Let $f$ be continuous on $[a, b]$. Because $f$ is continuous it is Riemann integrable on every subinterval, so the expression

$$F(x) \coloneqq \int_a^x f(t)\,dt, \qquad x \in [a, b],$$

is well defined. We call $F$ the integral with variable upper limit, and the claim is that $F$ is differentiable with $F'(x) = f(x)$ at every point of $[a, b]$.

Proof of Part 1

Fix $x \in (a, b)$ and let $h \neq 0$ be small enough so that $x + h \in [a, b]$. By the additivity of the integral,

$$F(x + h) - F(x) = \int_a^{x+h} f(t)\,dt - \int_a^x f(t)\,dt = \int_x^{x+h} f(t)\,dt.$$

Dividing by $h$ gives the difference quotient

$$\frac{F(x+h) - F(x)}{h} = \frac{1}{h}\int_x^{x+h} f(t)\,dt.$$

Because $f$ is continuous on the interval between $x$ and $x+h$, the mean value theorem for integrals guarantees the existence of a point $\xi_h$ between $x$ and $x + h$ such that

$$\int_x^{x+h} f(t)\,dt = f(\xi_h)\cdot h.$$

Substituting back,

$$\frac{F(x+h) - F(x)}{h} = f(\xi_h).$$

As $h \to 0$ the point $\xi_h$ is squeezed between $x$ and $x + h$, so $\xi_h \to x$. By continuity of $f$,

$$f(\xi_h) \to f(x).$$

Therefore the difference quotient converges to $f(x)$, which is exactly the definition of differentiability:

$$F'(x) = f(x). \qquad \square$$

The same argument applies at the endpoints $a$ and $b$ using one-sided limits. Part 1 tells you that every continuous function has a primitive, and it exhibits one explicitly: the integral with variable upper limit.

Part 2: evaluating a definite integral via any primitive

Part 2 of the Newton–Leibniz formula says that if $G$ is any primitive of $f$ on $[a, b]$ — that is, $G'(x) = f(x)$ for all $x \in [a, b]$ — then

$$\int_a^b f(x)\,dx = G(b) - G(a).$$

Proof of Part 2

We already know from Part 1 that $F(x) = \int_a^x f(t)\,dt$ is a primitive of $f$. Since $G$ is also a primitive of $f$, the difference $G - F$ satisfies

$$(G - F)'(x) = G'(x) - F'(x) = f(x) - f(x) = 0$$

for all $x \in [a, b]$. By the theorem that primitives differ by a constant (which follows from Lagrange’s mean value theorem), a function with zero derivative on an interval is constant. So there exists $C \in \mathbb{R}$ with

$$G(x) = F(x) + C \quad \text{for all } x \in [a, b].$$

Evaluate at both endpoints.
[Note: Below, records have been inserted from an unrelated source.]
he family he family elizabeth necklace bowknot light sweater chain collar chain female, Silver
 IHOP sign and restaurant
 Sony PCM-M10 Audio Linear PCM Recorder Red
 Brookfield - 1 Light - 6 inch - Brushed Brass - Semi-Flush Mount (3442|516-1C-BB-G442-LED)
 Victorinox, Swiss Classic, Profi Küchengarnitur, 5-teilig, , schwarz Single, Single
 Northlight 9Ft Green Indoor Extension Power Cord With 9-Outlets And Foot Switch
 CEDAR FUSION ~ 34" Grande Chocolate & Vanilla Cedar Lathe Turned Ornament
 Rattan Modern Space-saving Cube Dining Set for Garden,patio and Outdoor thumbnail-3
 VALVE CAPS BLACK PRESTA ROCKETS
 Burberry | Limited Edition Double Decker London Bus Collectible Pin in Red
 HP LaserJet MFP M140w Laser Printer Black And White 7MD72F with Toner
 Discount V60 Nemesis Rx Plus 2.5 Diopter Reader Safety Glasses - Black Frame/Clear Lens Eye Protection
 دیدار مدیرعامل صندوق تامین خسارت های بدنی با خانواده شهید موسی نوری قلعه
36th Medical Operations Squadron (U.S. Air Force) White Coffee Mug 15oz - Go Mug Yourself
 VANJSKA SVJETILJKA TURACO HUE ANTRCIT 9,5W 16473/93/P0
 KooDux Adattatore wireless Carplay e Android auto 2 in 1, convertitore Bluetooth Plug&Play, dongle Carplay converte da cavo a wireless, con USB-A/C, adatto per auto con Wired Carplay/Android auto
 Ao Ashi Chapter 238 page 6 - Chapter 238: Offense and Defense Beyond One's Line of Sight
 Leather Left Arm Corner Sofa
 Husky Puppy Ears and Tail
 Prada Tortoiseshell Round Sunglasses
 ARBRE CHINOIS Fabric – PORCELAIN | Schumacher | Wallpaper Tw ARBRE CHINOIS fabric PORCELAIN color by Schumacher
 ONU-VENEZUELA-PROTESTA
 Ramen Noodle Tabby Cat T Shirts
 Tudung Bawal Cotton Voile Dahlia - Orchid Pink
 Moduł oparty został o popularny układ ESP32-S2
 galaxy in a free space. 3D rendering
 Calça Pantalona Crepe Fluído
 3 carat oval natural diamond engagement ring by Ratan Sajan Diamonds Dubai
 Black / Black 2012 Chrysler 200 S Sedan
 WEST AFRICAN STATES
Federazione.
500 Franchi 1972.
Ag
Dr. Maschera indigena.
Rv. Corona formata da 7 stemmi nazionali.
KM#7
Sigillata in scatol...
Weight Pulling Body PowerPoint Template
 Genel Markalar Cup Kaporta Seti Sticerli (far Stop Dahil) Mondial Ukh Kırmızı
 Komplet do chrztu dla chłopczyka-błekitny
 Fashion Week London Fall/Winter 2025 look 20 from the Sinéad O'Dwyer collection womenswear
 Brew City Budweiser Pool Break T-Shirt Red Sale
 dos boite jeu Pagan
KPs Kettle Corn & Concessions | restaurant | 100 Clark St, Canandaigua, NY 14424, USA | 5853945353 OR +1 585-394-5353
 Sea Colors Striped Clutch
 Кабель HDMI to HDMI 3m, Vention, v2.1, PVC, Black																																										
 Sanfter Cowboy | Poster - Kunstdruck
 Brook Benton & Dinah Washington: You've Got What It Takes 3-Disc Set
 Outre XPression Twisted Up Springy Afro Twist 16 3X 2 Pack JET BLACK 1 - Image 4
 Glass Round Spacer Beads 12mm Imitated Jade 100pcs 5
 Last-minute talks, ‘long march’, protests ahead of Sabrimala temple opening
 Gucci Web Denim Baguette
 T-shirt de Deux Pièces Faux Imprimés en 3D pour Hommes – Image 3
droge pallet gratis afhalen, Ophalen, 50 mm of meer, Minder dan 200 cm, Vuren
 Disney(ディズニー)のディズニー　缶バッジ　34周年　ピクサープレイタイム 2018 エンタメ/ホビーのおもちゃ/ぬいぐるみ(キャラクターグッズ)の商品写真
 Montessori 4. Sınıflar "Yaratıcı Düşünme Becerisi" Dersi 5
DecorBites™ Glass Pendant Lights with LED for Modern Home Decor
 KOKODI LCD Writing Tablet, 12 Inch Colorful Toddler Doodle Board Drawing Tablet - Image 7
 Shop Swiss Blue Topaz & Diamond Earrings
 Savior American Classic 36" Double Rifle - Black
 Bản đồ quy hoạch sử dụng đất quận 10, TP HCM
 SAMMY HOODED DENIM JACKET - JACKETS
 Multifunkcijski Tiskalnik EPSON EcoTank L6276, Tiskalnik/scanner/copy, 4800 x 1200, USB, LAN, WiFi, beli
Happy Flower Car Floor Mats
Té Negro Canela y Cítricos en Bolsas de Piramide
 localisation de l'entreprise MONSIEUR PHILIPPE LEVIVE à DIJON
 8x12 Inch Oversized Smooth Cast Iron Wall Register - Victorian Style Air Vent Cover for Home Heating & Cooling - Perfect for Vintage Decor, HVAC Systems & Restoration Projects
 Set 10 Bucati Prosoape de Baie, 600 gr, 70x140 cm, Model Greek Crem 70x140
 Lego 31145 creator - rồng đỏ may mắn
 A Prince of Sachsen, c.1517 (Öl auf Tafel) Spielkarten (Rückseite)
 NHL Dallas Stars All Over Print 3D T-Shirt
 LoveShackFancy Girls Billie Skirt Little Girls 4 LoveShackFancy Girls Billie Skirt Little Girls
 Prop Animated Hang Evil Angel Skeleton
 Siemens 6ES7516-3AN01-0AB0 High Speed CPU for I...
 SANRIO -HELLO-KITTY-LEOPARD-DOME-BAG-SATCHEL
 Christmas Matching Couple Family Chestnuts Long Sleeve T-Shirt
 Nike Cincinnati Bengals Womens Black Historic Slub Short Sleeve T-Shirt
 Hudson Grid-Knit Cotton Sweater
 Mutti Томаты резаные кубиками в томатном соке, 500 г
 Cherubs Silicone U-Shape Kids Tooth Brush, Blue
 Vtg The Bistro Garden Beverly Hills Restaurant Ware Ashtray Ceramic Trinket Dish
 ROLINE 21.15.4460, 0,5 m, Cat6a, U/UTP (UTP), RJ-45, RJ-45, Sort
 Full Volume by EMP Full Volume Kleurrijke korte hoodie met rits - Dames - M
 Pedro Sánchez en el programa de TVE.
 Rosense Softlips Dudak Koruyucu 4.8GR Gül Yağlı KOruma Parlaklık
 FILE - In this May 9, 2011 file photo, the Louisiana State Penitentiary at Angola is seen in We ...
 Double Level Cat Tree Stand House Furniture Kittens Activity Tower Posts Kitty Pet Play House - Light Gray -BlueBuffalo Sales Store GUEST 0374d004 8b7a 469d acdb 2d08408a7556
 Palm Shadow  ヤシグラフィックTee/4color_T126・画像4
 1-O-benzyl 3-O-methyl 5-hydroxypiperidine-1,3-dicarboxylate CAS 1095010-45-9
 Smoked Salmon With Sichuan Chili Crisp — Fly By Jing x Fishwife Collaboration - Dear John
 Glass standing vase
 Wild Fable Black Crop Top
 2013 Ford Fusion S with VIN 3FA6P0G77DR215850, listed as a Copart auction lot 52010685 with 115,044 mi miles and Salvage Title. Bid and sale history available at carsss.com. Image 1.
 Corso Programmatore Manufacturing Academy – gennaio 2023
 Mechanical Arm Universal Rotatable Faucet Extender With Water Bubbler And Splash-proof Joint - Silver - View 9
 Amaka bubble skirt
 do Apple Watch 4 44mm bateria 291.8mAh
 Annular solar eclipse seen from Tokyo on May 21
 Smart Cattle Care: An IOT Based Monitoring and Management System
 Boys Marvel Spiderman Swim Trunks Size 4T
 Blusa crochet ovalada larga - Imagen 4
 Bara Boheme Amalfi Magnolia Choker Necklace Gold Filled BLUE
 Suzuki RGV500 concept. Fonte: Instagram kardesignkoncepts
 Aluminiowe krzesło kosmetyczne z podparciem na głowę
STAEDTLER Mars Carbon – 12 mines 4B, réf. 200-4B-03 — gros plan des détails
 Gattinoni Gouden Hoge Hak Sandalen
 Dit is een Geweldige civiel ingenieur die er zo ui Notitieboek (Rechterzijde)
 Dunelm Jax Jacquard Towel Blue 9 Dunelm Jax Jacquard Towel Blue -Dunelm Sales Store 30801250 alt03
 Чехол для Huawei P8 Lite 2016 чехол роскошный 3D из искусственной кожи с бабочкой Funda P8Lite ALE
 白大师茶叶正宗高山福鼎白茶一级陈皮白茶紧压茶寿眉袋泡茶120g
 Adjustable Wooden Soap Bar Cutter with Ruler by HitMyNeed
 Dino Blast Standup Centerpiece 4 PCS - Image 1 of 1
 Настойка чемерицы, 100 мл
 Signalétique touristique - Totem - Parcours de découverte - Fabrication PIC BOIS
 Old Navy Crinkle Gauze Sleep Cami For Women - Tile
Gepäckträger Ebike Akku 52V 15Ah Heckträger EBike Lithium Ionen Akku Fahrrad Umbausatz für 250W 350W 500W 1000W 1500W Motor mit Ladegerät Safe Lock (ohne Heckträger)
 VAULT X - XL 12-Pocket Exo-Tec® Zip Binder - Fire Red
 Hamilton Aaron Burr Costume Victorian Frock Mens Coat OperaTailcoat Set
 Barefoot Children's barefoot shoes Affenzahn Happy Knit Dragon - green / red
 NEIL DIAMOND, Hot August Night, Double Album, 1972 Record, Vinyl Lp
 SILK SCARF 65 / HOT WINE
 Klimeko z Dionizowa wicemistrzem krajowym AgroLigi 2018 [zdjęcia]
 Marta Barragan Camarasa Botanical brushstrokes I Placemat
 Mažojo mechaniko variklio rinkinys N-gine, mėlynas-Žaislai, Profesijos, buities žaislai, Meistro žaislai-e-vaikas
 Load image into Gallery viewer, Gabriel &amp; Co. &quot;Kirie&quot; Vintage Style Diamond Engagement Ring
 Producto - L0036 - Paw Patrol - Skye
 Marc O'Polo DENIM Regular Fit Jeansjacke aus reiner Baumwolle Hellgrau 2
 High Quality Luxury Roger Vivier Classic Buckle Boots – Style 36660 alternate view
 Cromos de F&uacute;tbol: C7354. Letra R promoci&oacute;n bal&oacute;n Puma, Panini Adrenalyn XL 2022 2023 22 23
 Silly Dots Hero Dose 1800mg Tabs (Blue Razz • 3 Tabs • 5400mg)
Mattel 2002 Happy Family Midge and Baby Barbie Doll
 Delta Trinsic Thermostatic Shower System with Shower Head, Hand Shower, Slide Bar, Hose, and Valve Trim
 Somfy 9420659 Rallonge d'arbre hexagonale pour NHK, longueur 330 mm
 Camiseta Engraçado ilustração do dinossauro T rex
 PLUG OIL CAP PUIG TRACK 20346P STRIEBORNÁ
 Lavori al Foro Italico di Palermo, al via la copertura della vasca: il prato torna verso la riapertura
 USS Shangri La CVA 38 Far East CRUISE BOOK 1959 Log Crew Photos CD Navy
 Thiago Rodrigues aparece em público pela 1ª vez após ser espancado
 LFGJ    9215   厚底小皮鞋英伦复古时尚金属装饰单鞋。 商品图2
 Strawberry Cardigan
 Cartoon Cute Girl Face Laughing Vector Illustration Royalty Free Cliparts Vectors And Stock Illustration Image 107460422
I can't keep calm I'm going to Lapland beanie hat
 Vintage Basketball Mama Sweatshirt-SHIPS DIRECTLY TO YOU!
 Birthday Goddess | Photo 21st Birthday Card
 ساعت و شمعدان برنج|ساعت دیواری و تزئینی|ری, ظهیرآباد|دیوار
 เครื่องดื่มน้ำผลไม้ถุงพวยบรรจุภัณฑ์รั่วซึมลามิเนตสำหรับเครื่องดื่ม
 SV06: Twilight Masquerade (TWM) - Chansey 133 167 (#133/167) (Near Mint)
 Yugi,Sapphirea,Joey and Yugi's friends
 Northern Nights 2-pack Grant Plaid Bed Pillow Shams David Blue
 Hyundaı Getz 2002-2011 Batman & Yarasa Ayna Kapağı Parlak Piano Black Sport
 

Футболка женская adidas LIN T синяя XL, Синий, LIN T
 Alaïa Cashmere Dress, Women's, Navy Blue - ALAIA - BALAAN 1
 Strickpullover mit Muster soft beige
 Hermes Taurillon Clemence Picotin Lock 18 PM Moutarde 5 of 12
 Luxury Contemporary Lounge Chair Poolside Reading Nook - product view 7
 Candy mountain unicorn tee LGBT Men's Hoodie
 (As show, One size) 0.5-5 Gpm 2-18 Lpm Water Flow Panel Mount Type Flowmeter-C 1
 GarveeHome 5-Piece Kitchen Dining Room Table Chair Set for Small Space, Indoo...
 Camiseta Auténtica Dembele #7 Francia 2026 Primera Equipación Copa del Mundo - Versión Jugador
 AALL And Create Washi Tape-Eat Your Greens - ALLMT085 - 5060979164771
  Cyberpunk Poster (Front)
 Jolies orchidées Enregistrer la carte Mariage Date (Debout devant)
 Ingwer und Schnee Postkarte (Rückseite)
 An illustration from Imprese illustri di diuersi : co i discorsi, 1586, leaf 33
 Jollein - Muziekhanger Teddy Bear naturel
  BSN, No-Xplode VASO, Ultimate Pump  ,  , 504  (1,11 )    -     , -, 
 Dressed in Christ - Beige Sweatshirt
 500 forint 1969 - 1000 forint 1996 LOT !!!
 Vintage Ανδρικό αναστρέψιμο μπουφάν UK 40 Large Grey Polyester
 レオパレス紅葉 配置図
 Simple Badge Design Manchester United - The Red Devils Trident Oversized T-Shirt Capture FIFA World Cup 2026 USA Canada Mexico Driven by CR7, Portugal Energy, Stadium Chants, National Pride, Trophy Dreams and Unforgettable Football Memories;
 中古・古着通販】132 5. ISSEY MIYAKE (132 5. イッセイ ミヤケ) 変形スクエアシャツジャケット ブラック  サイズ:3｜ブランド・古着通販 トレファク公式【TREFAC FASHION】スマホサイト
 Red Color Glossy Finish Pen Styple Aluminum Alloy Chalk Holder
At $x = a$:

$$G(a) = F(a) + C = \int_a^a f(t)\,dt + C = 0 + C = C.$$

At $x = b$:

$$G(b) = F(b) + C = \int_a^b f(t)\,dt + C.$$

Subtracting the first equation from the second:

$$G(b) - G(a) = \int_a^b f(t)\,dt. \qquad \square$$

The bracket notation

It is standard to write

$$\bigl[G(x)\bigr]_a^b \coloneqq G(b) - G(a).$$

This notation is compact and reduces the risk of sign errors. With it, the Newton–Leibniz formula reads

$$\int_a^b f(x)\,dx = \bigl[G(x)\bigr]_a^b,$$

where $G$ is any primitive of $f$. You may add an arbitrary constant to $G$ without affecting the result, since the constant cancels in $G(b) - G(a)$; this is why the choice of primitive does not matter.

Worked examples

Example 1: $\int_0^1 x^2\,dx$

A primitive of $f(x) = x^2$ is $G(x) = \dfrac{x^3}{3}$. Applying Newton–Leibniz:

$$\int_0^1 x^2\,dx = \left[\frac{x^3}{3}\right]_0^1 = \frac{1^3}{3} - \frac{0^3}{3} = \frac{1}{3}.$$

Example 2: $\int_0^\pi \sin x\,dx$

A primitive of $\sin x$ is $-\cos x$. Therefore

$$\int_0^\pi \sin x\,dx = \bigl[-\cos x\bigr]_0^\pi = (-\cos\pi) - (-\cos 0) = 1 + 1 = 2.$$

Geometrically, the result $2$ is the area of one arch of the sine curve above the $x$-axis, which is a satisfying sanity check.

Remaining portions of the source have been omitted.